This nursery tale was commonly recited to me by women, and a great many versions differed only in trifling respects from the pattern employed in the oldest Jamaica version on record, Lewis, 255-259.
Here the girl breaks a jug and is sent to get a new one. Three old women appear to her one after another, the last of them headless, to test her courtesy. The cat appears, the rice is cooking. The eggs to be selected are the "silent" ones out of a number of fine large ones that cry "take me." Out of the first egg comes the jug after which she has been sent; the other two make her fortune.
{p. 269}
P. Smith's version, 31-34, has more direct Frau Holle incidents. The good girl fulfils as she advances the requests of the grass, ping-wing and bramble, the fruit-tree and the cow. When the old woman sends her to draw water with a basket, Turtle tells her to put a plantain-leaf inside. She selects a little ugly calabash. When she is pursued by "axe-men" (as in number 82), the things she has been kind to befriend her, as in Wona's version of Brother Dead.

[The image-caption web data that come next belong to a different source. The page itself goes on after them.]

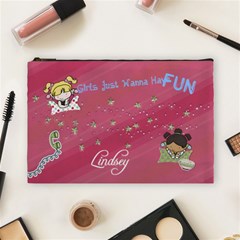 Girly Fun Cosmetic Bag - Cosmetic Bag (Large) Girly Fun Cosmetic Bag - Cosmetic Bag (Large)
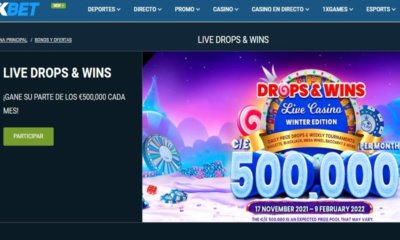 Promoción Live Drops and Wins Casino de 1xbet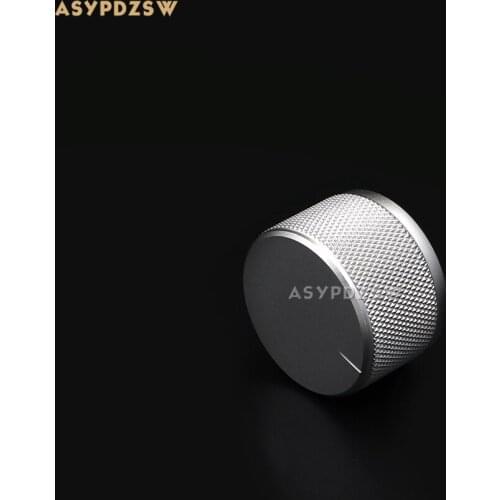 1 PCS Knurled Sandblasting silver 35*22 Aluminum Volume knob Power amplifier potentiometer knob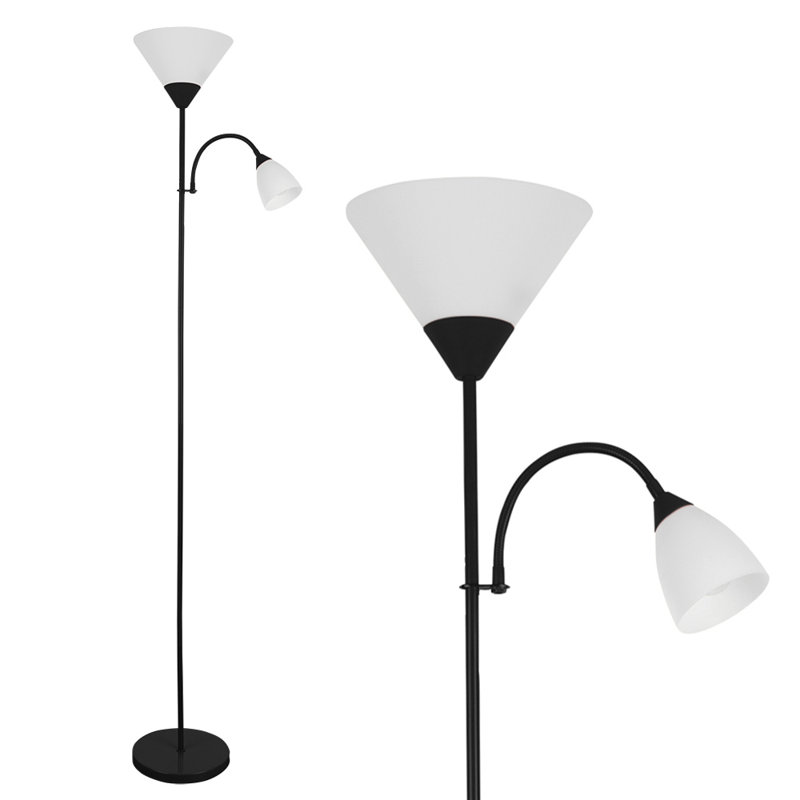 Hatton 180cm Torchiere Floor Lamp, Black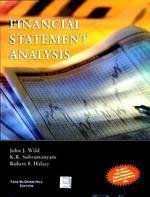 Stock image for Financial Statement Analysis for sale by Majestic Books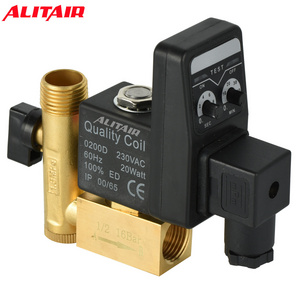 Electronic Timer Auto Drain Valve 220V 230V AC for Air Compressor Tank Air Receiver Tank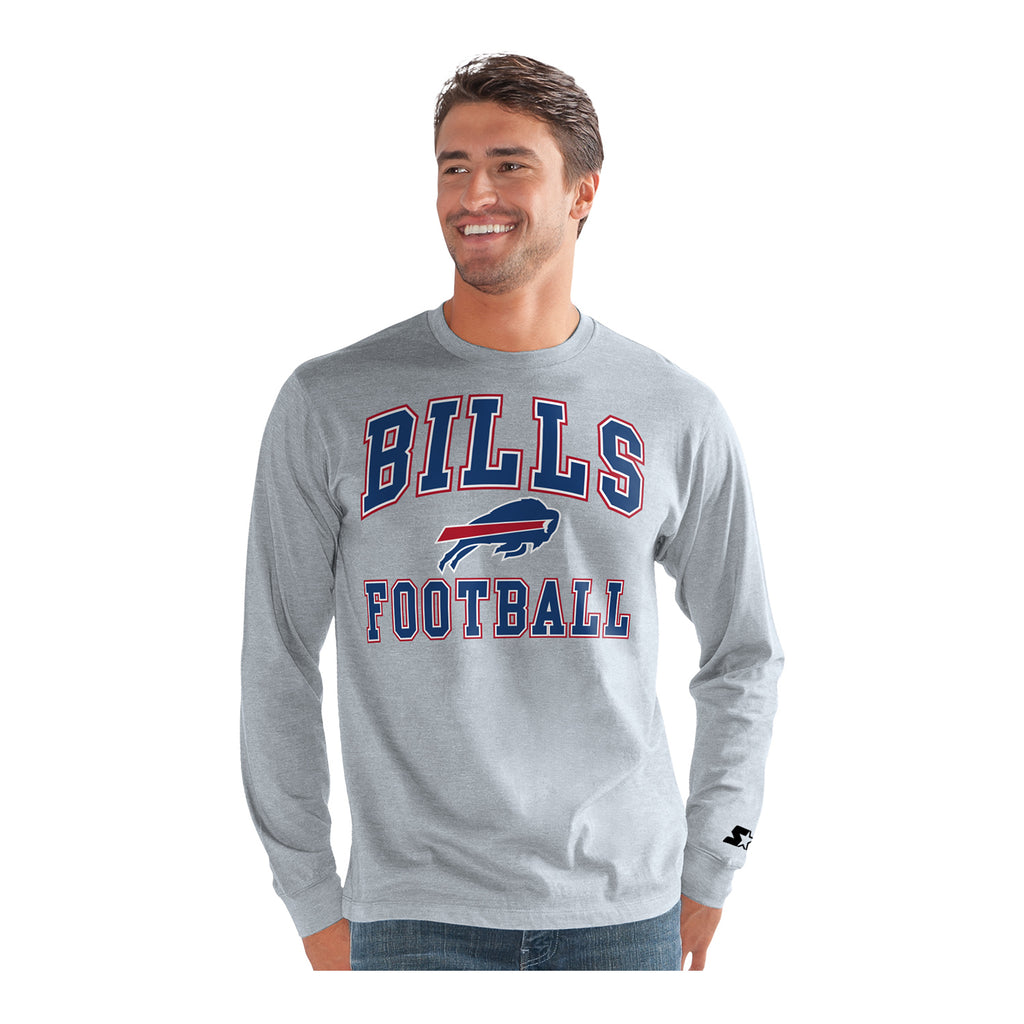 Starter Buffalo Bills Wordmark Button-Up T-Shirt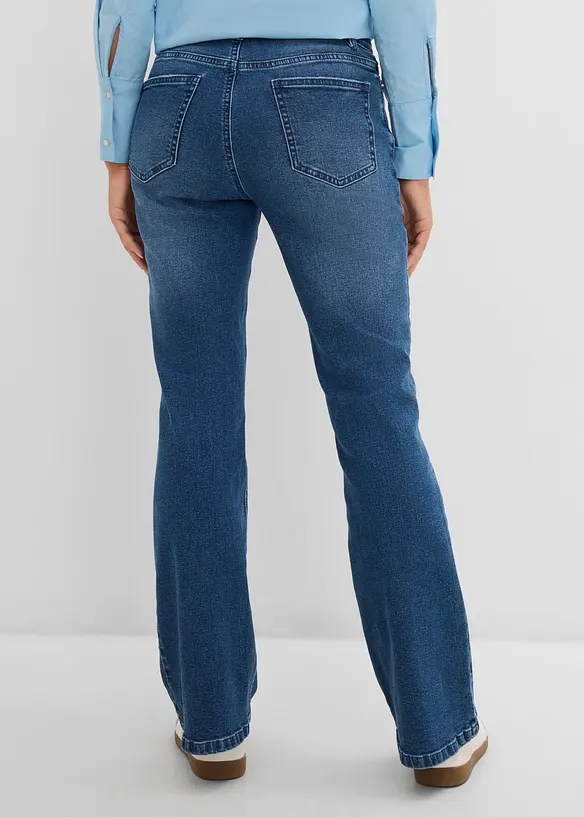 Jean bootcut, taille haute, bonprix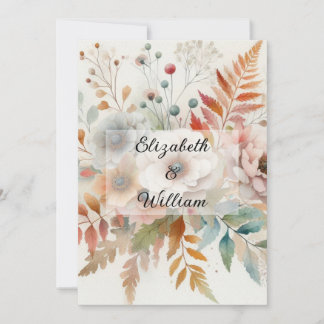 Invitation de texte calligraphie minimaliste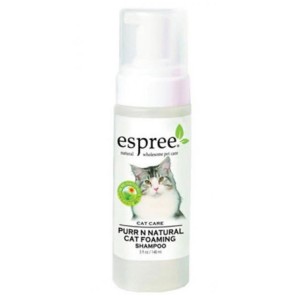 Piankowy suchy szampon dla kotów - Espree Purr'n'Natural - 148ml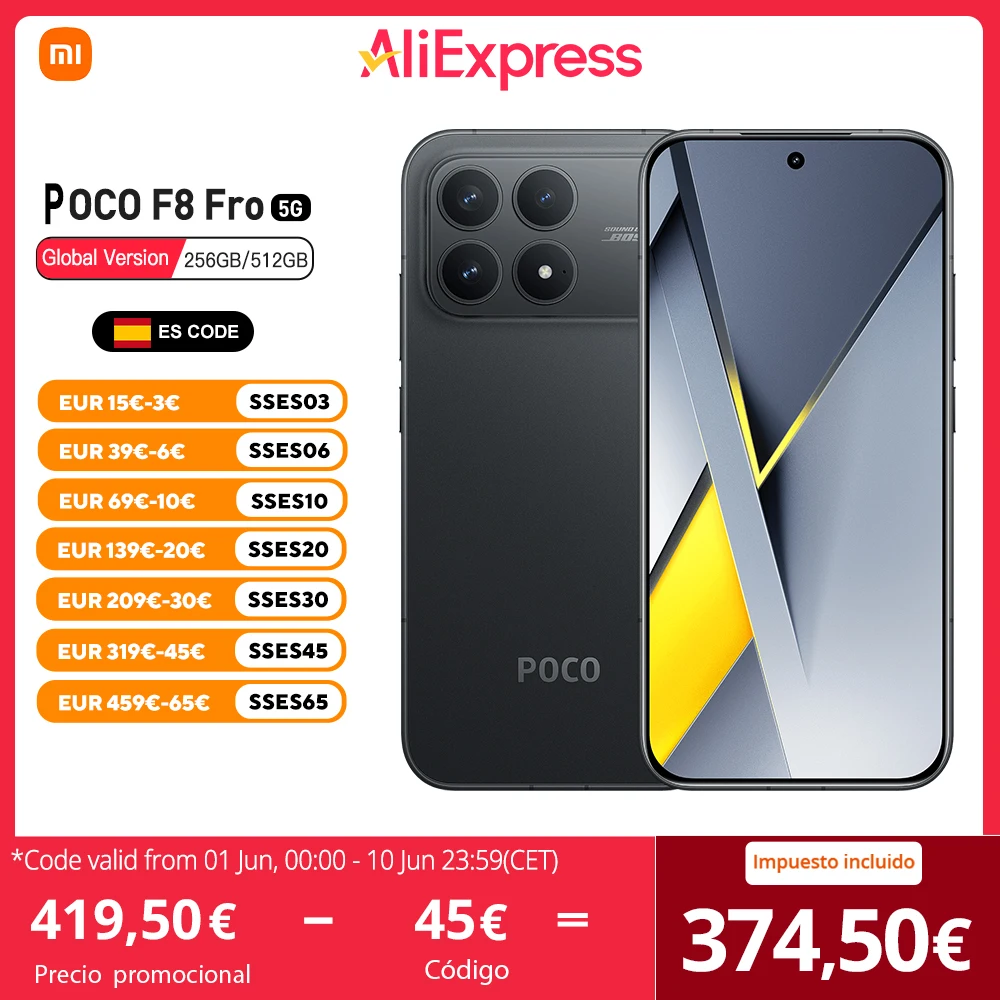 Poco F8 Pro  RAM:  12 GB | ROM: 256 GB
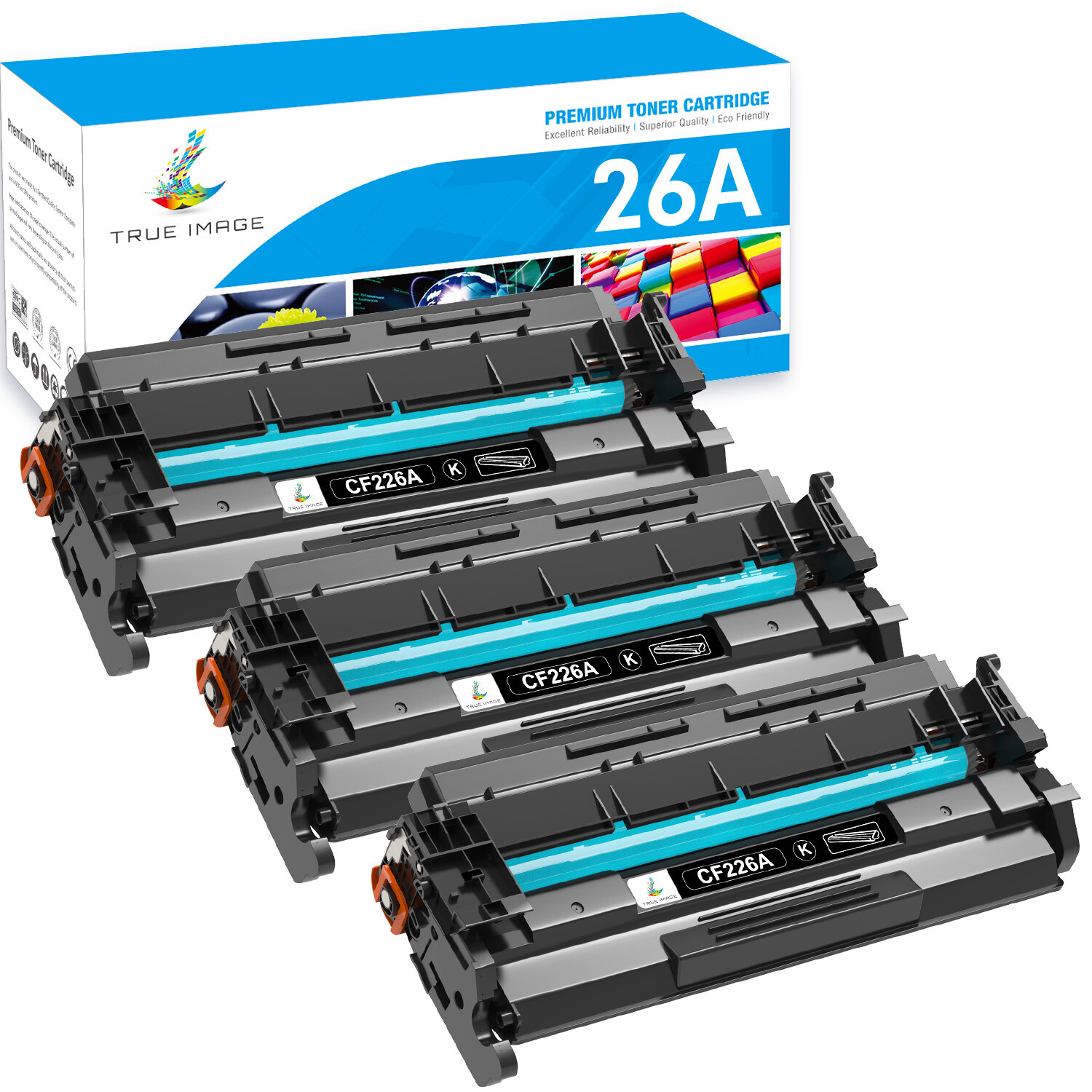 3x High Yield 226A CF226A Toner Cartridges for HP 26A LaserJet Pro M402dw M402dn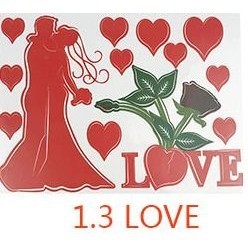 Colour stickers Bride Groom I love you Stickers Wedding Valentine's Day PVC Balloon Stickers Party Decor (436L)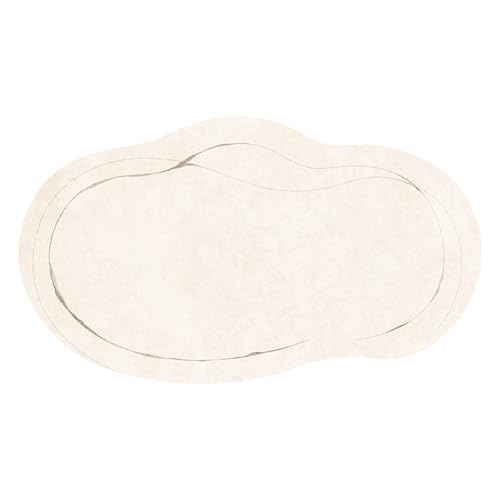 LCKKJHG Unregelmäßige Teppiche for Wohnzimmerdekoration Teppiche for Schlafzimmerdekor Teppich Rutschfester Flächenteppich Kurzflor-Bodenmatte(Rose Red,80x120cm) von LCKKJHG
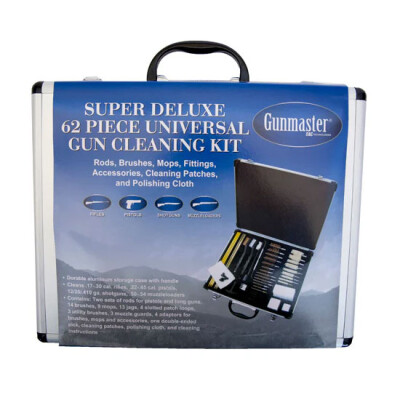Gunmaster Super Deluxe 62 Piece Universal Gun Cleaning Kit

In a manuscript version in the collection of Mrs. W. E. Wilson (Wona), Yuckie and Jubba are the two daughters. Yuckie has a present of a string of amber beads. She puts them about her neck and says "bad dey behind you, good dey before you," but this only in dream. She loses the beads in the river and is turned out of the house. On her way, she sees and greets kindly a foot and a hand, and scratches the back of an ugly old woman, without complaining of the insects which sting her. The pot of rice, the cat, and the eggs are as above, The fine eggs say "Tek me no,", the dirty ones, "No tek me." Compare FLJ (SA) 1; 111-116, where the girls pretend to throw their beads into the water and thus deceive one girl into doing so, who has then to go down to the home of the water monster to get them back.
The variants from Andros Island, Parsons, 17-26, show no such uniformity. They are sometimes confused with the pumpkin story of Parsons, 26-27, and Milne-Home, 84-88, in which the choice of pumpkins is like that of the eggs in this story.
The theme is very common in African collections. Compare MacDonald 1:298-301; Junod, 191-192; 237-242; Torrend, 75--80; Tremearne, 307-314; 401-407; Barker, 89-94; Nassau, 213; Renel 1:50-64; Bundy, JAFL 32:406; and Parsons, Andros Island, note 1, page 17 for further references. See Grimm 24, Frau Holle; Bolte u. Polívka 2:207-227.